DATASET EXCERPT: Begin

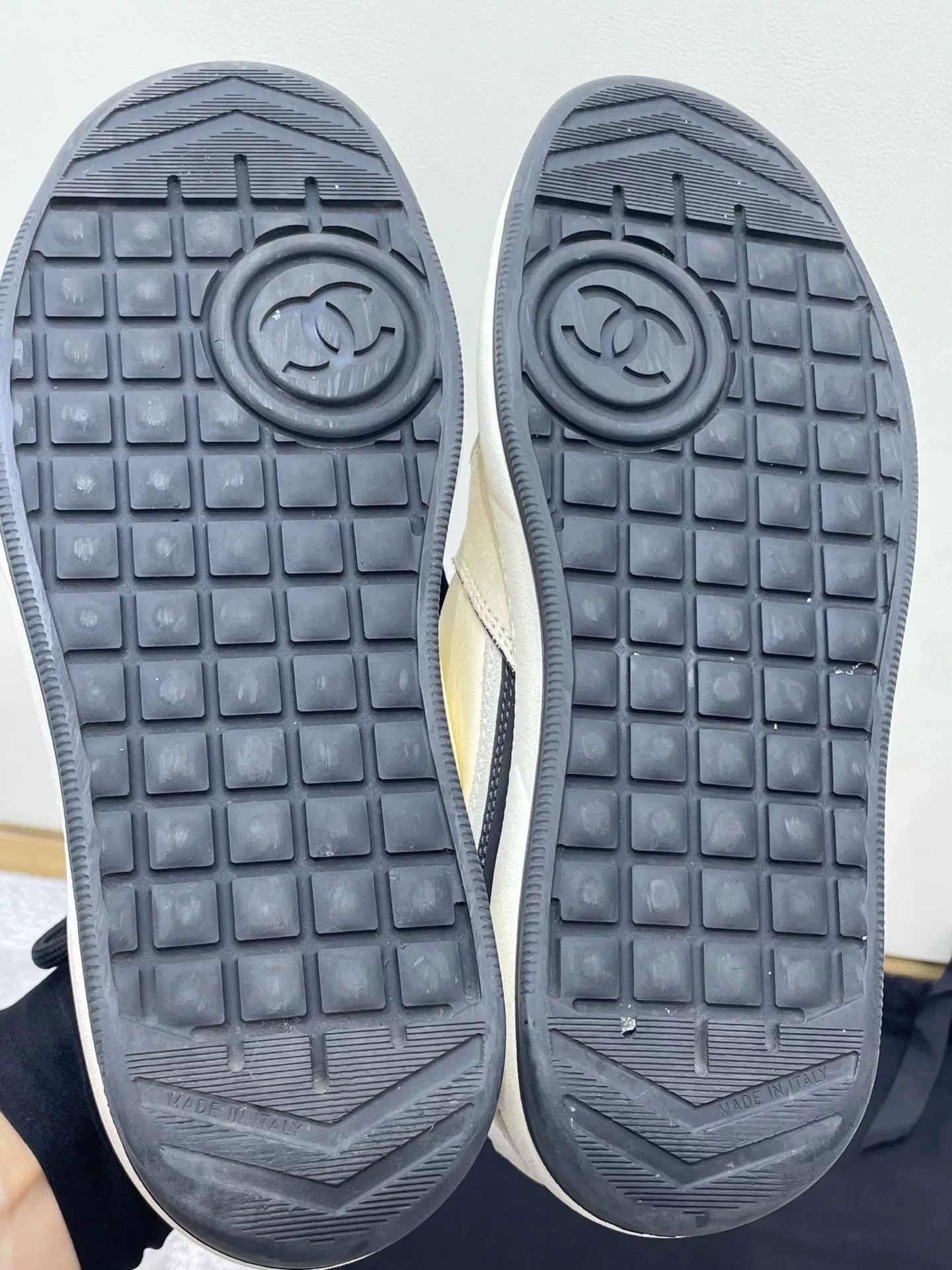 Chanel Chanel 23B Panda Color Block Sneakers Size US 5.5 / IT 35.5 - 6 Thumbnail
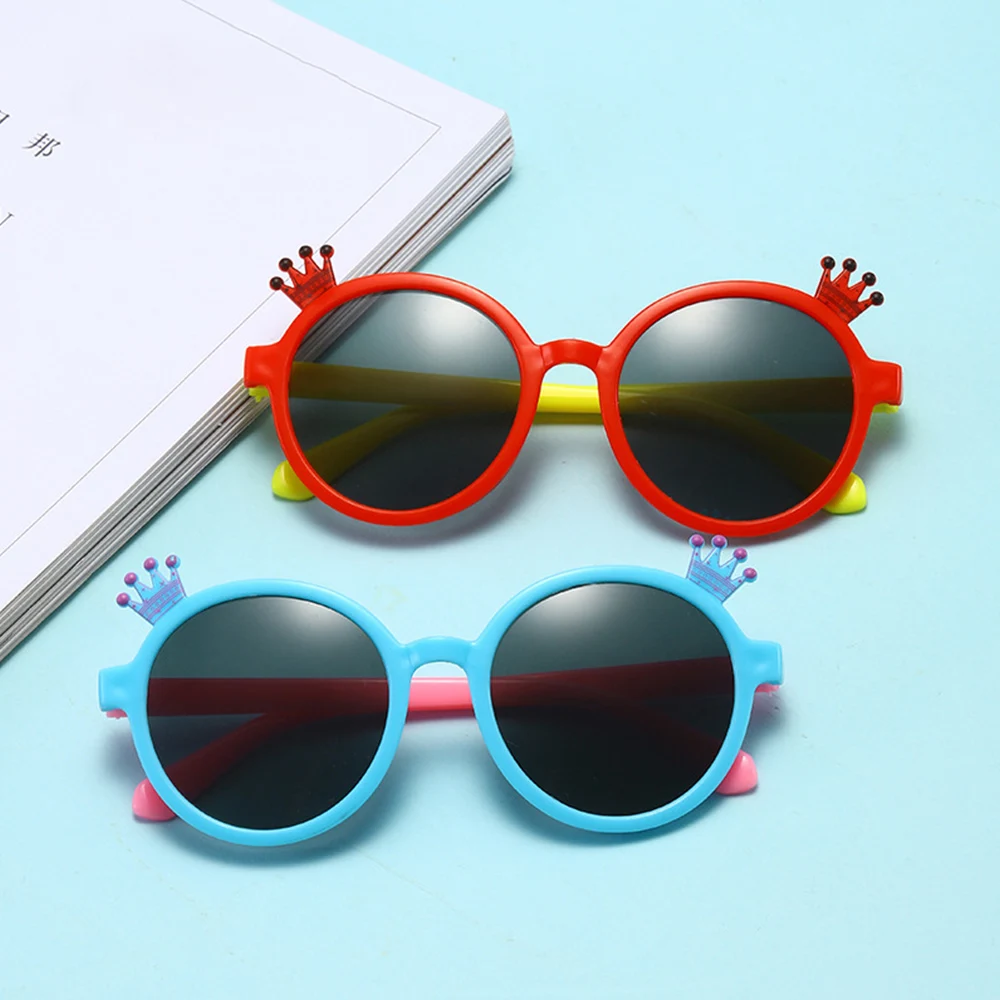 2021 New Fashion Kids Cartoon Sunglasses Crown Cute Baby Sunglasses 6 Color Kids Sunglasses Shades Driver Goggles
2021 New Fashion Kids Cartoon Sunglasses Crown Cute Baby Sunglasses 6 Color Kids Sunglasses Shades Driver Goggles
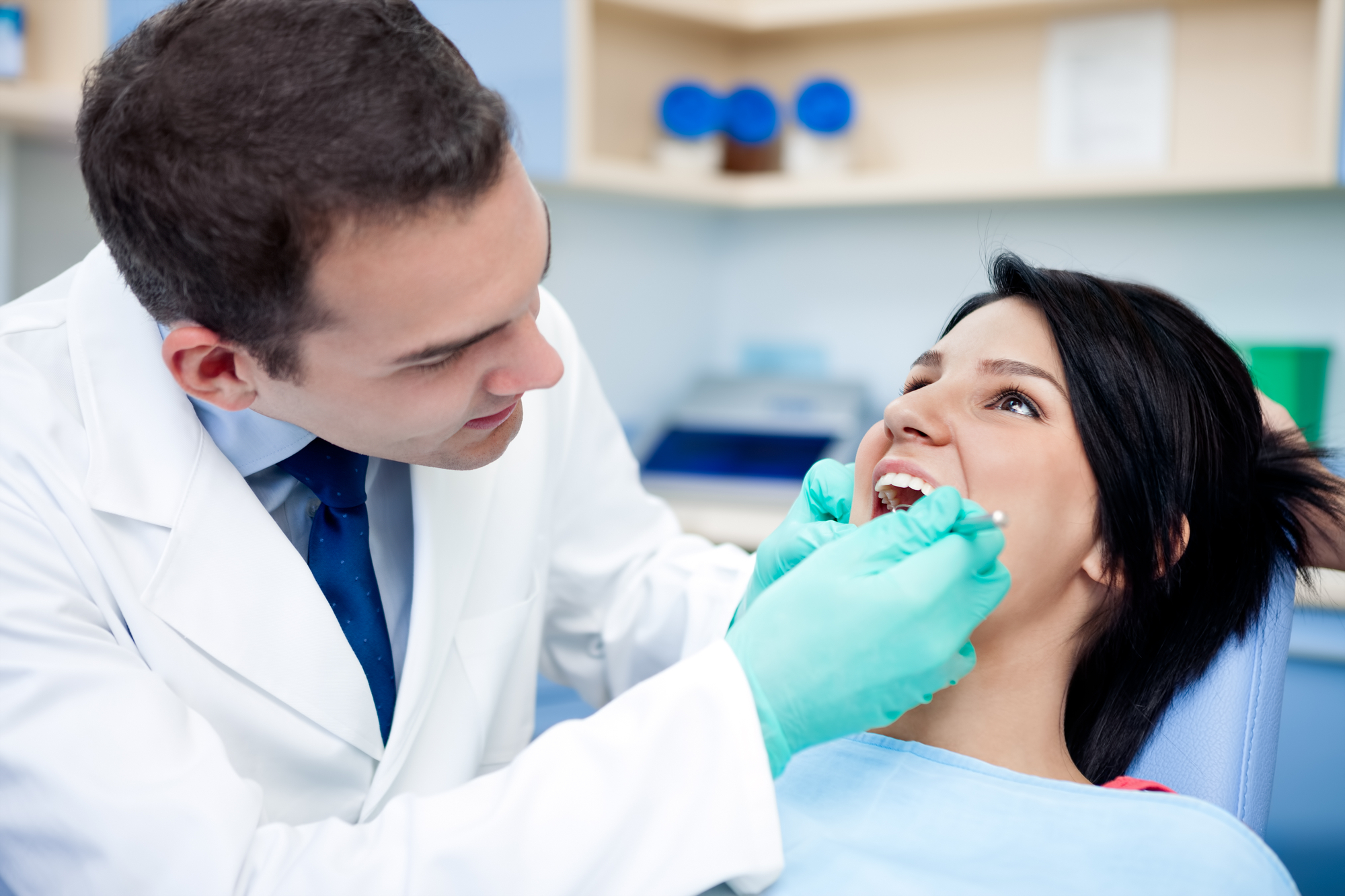 Polacy boją się dentysty. Jak lekarze dentyści mogą budować pozytywny wizerunek?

DATASET EXCERPT: End

## ASSIGNED TASK
Only the pictures stay behind; everything else in the data above is to be retyped exactly.

## RESPONSE
 Chanel Chanel 23B Panda Color Block Sneakers Size US 5.5 / IT 35.5 - 6 Thumbnail
 2021 New Fashion Kids Cartoon Sunglasses Crown Cute Baby Sunglasses 6 Color Kids Sunglasses Shades Driver Goggles
2021 New Fashion Kids Cartoon Sunglasses Crown Cute Baby Sunglasses 6 Color Kids Sunglasses Shades Driver Goggles
 Polacy boją się dentysty. Jak lekarze dentyści mogą budować pozytywny wizerunek?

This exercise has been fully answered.